▶ [Task details] Each entry below is to be reproduced exactly, though any pictures it holds must be omitted.

▶ [Data records]
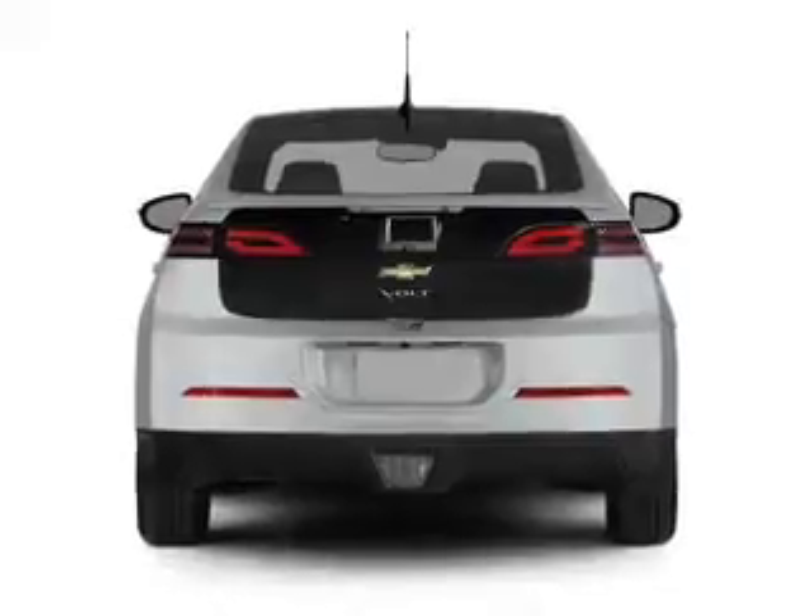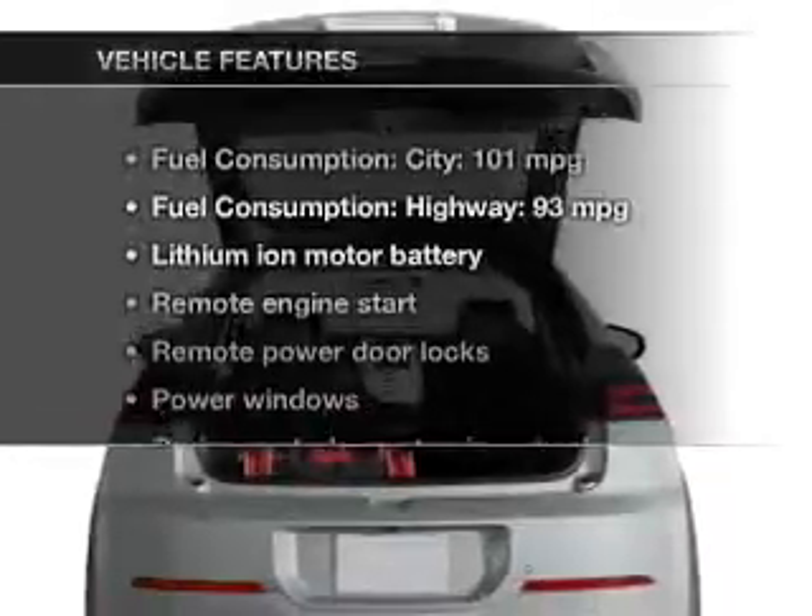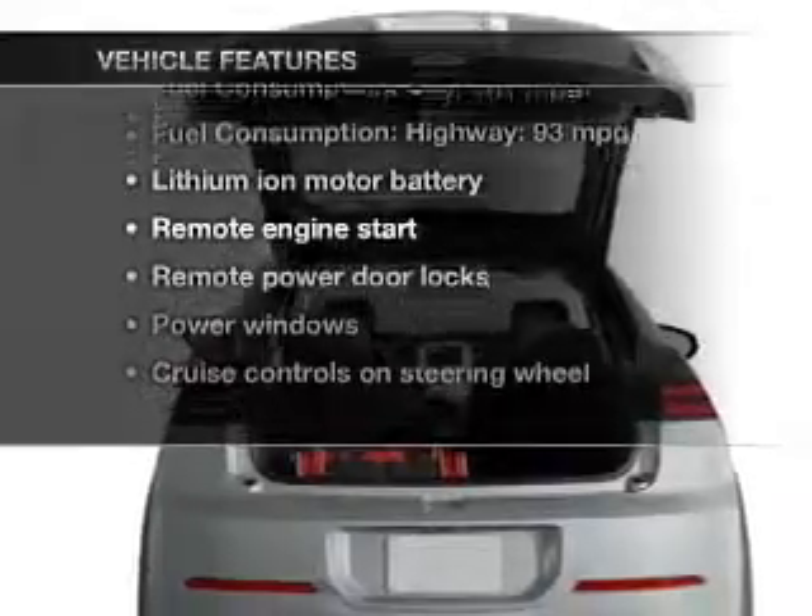Anti-lock brakes help you bring your vehicle to a safe stop. Pamper yourself with memory settings. Plus, enjoy these notable features that are included in this vehicle.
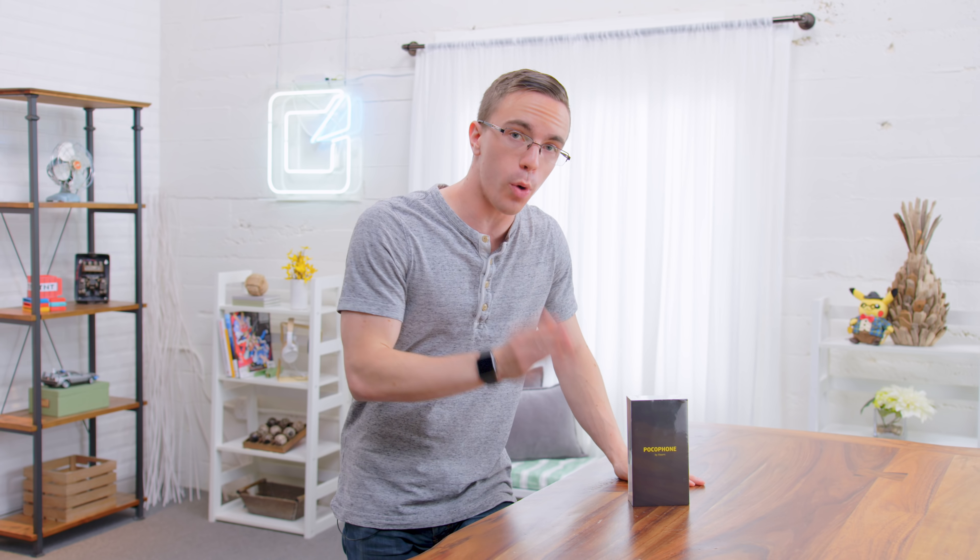Hey guys, this is Austin. This is the Pocophone F1. When Xiaomi reached out and wanted to sponsor a video on their brand new Pocophone brand, which specifically includes the F1 as their very first phone, I had one question: what exactly is this? With a price tag of around $300, the Pocophone F1 might be the best deal in smartphones right now.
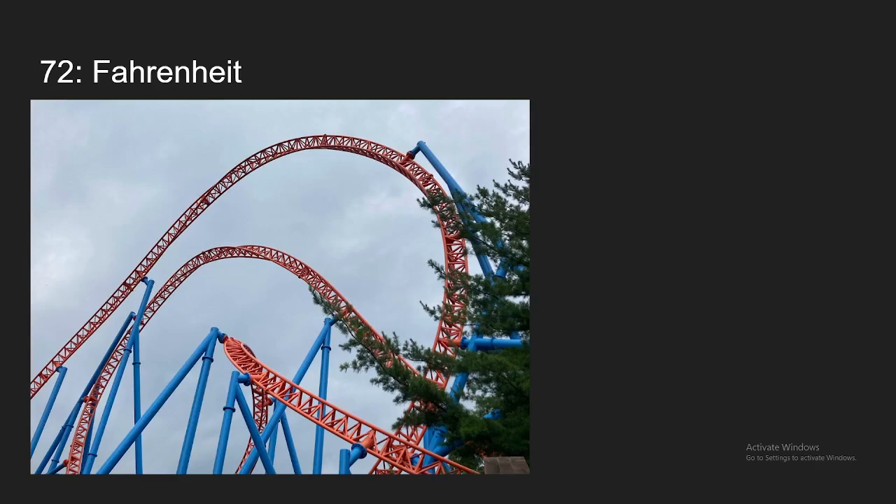Number 72, we have Fahrenheit at Hershey Park. This is a ride that I've considered pretty overrated, but it has moved up a little bit after I re-rode it this year. The drop was a lot better than I remembered, and there are some pretty intense moments, but there are some dead spots on this ride which is why it's not going to be ranking any higher. But I'm definitely glad that this ride was better when I got to re-ride it.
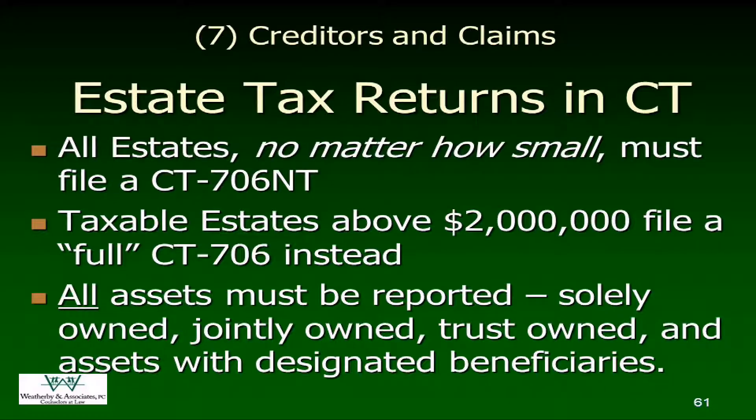It depends on where you go and how your assets are titled. If you have zero to $50 in assets, you're still filing that Connecticut estate tax return and paying your $25 fee. If your taxable estate is over $2 million, you're filing a very different return that goes to the Department of Revenue, gets reviewed, and you will want to get tax clearance on. You'll file a copy with the probate court, and this is where you really want to make sure you've gotten those appraisals done for items of personal property.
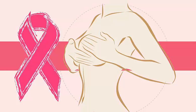Breast cancer is cancer that begins in the breast tissues. There are two main types of breast cancer. Ductal carcinoma begins in the tubes that carry milk from the breast to the nipple. Most breast cancers are of this type.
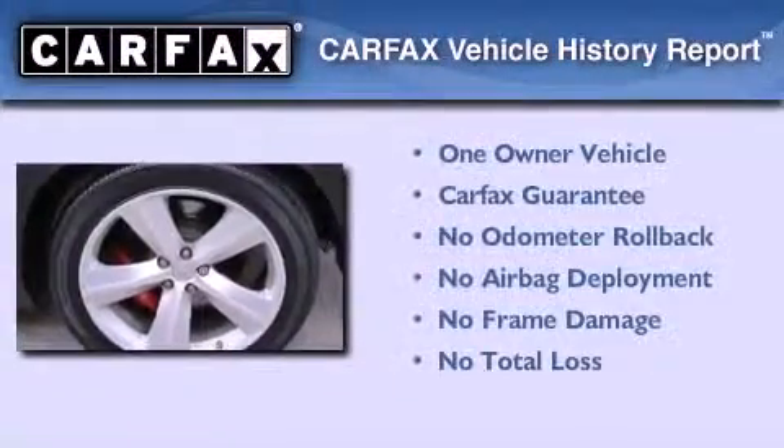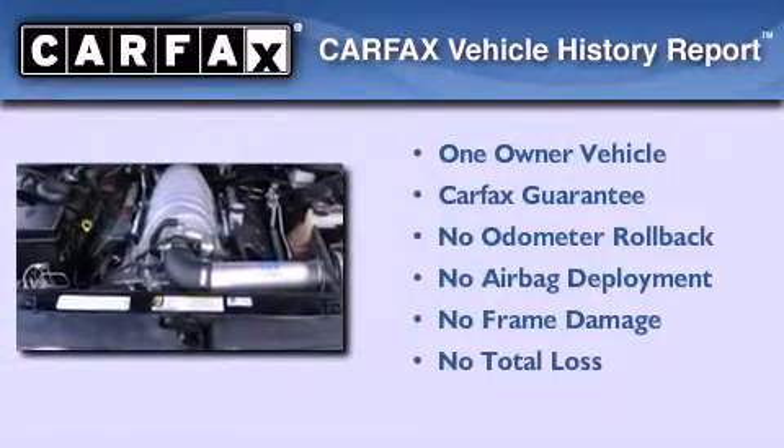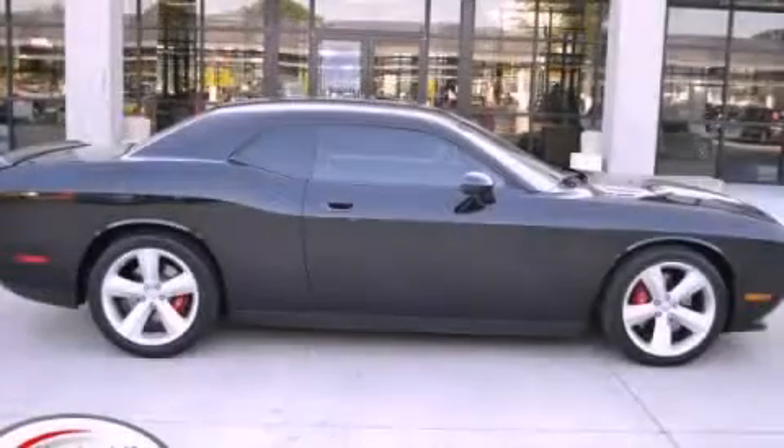This Dodge has had only one owner, and it qualifies for the Carfax Buyback Guarantee. We invite you to contact us today to learn more about this vehicle.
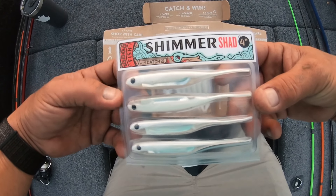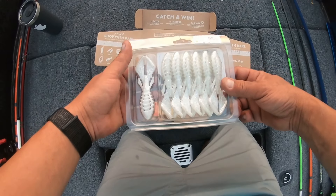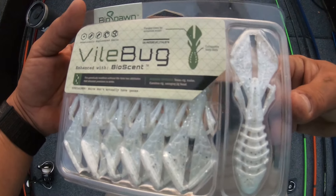Got my basic mystery tackle box in. Let's see what's in it, guys. That's it right there.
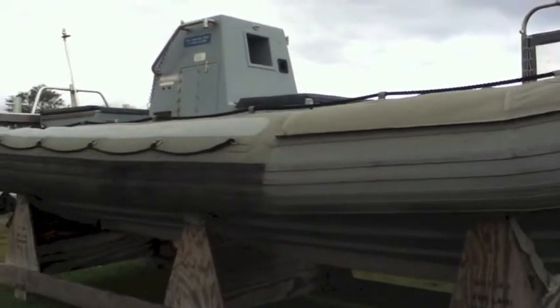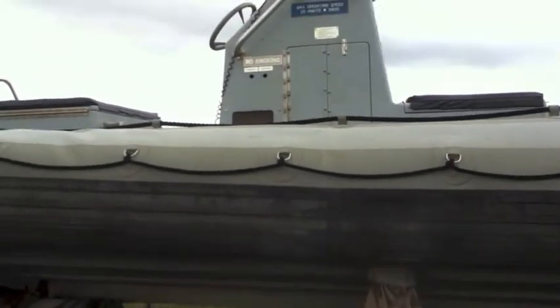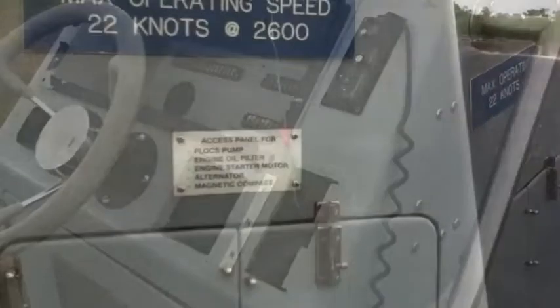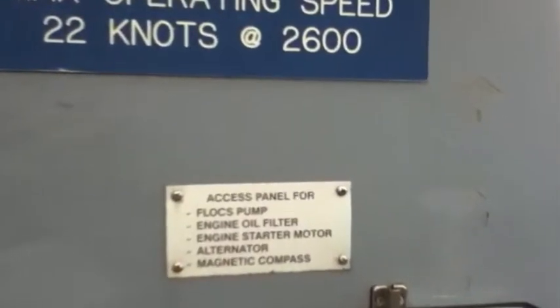You're looking at a 22-foot Zodiac. Fiberglass steering column, tie-off points, multiple compartments, compass, blue beacon light, motors not included. Item rests on a boat cradle.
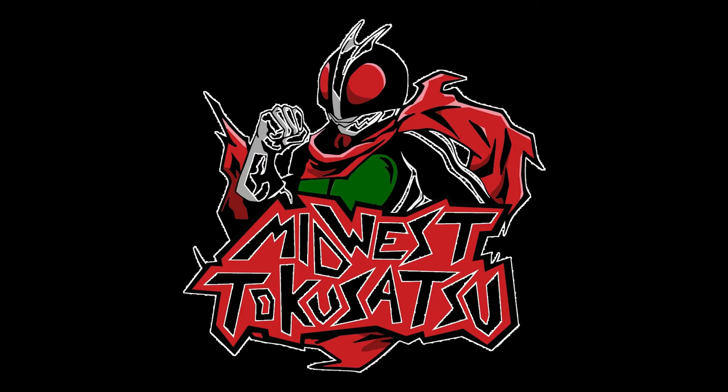What's going on guys, Midwest Tokusatsu here and we've got some news to break down today, mostly in the realm of Power Rangers but there's also a little bit of Ultraman, a little bit of Super Sentai, and just a little bit of Kamen Rider.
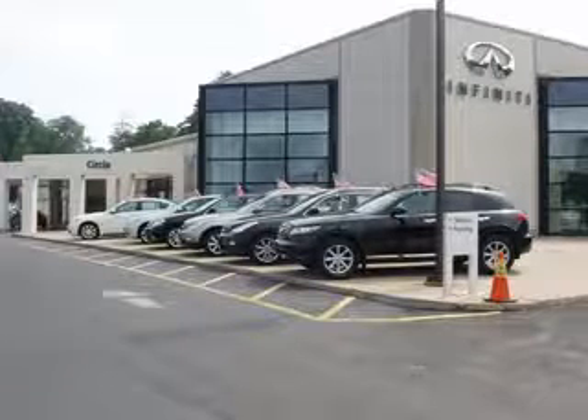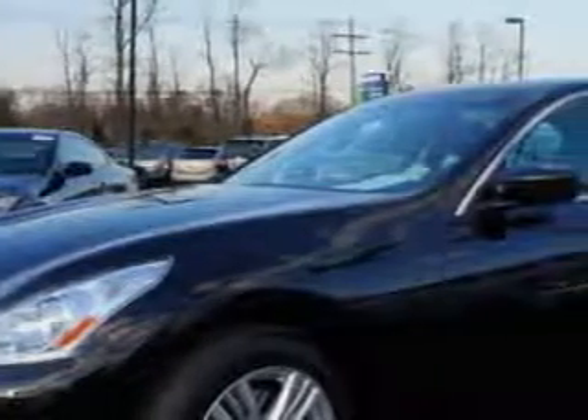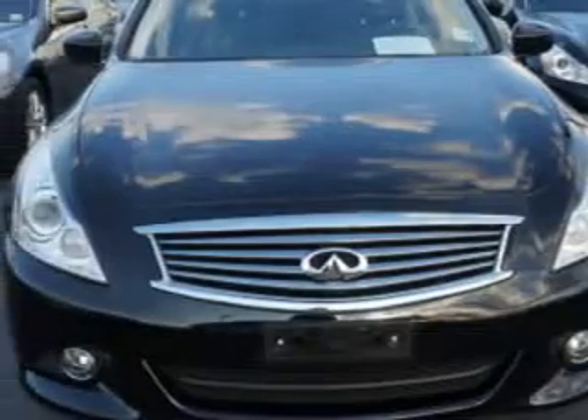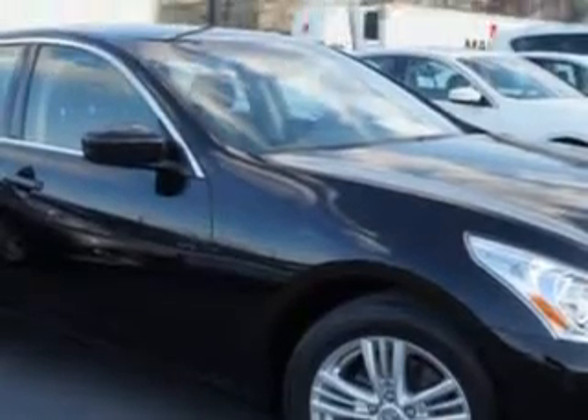Thank you for visiting Circle Infinity, where customer service means making your car buying experience as easy and enjoyable as possible. Check out this Black Obsidian 2013 Infiniti G37 all-wheel drive, equipped with a six-cylinder engine and an automatic transmission. Enjoy an impressive 25 miles to the gallon on this great car, with features like:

▶ [Task answer]
Anti-lock brakes help you bring your vehicle to a safe stop. Pamper yourself with memory settings. Plus, enjoy these notable features that are included in this vehicle.
Hey guys, this is Austin. This is the Pocophone F1. When Xiaomi reached out and wanted to sponsor a video on their brand new Pocophone brand, which specifically includes the F1 as their very first phone, I had one question: what exactly is this? With a price tag of around $300, the Pocophone F1 might be the best deal in smartphones right now.
Number 72, we have Fahrenheit at Hershey Park. This is a ride that I've considered pretty overrated, but it has moved up a little bit after I re-rode it this year. The drop was a lot better than I remembered, and there are some pretty intense moments, but there are some dead spots on this ride which is why it's not going to be ranking any higher. But I'm definitely glad that this ride was better when I got to re-ride it.
It depends on where you go and how your assets are titled. If you have zero to $50 in assets, you're still filing that Connecticut estate tax return and paying your $25 fee. If your taxable estate is over $2 million, you're filing a very different return that goes to the Department of Revenue, gets reviewed, and you will want to get tax clearance on. You'll file a copy with the probate court, and this is where you really want to make sure you've gotten those appraisals done for items of personal property.
Breast cancer is cancer that begins in the breast tissues. There are two main types of breast cancer. Ductal carcinoma begins in the tubes that carry milk from the breast to the nipple. Most breast cancers are of this type.
This Dodge has had only one owner, and it qualifies for the Carfax Buyback Guarantee. We invite you to contact us today to learn more about this vehicle.
Got my basic mystery tackle box in. Let's see what's in it, guys. That's it right there.
You're looking at a 22-foot Zodiac. Fiberglass steering column, tie-off points, multiple compartments, compass, blue beacon light, motors not included. Item rests on a boat cradle.
What's going on guys, Midwest Tokusatsu here and we've got some news to break down today, mostly in the realm of Power Rangers but there's also a little bit of Ultraman, a little bit of Super Sentai, and just a little bit of Kamen Rider.
Thank you for visiting Circle Infinity, where customer service means making your car buying experience as easy and enjoyable as possible. Check out this Black Obsidian 2013 Infiniti G37 all-wheel drive, equipped with a six-cylinder engine and an automatic transmission. Enjoy an impressive 25 miles to the gallon on this great car, with features like:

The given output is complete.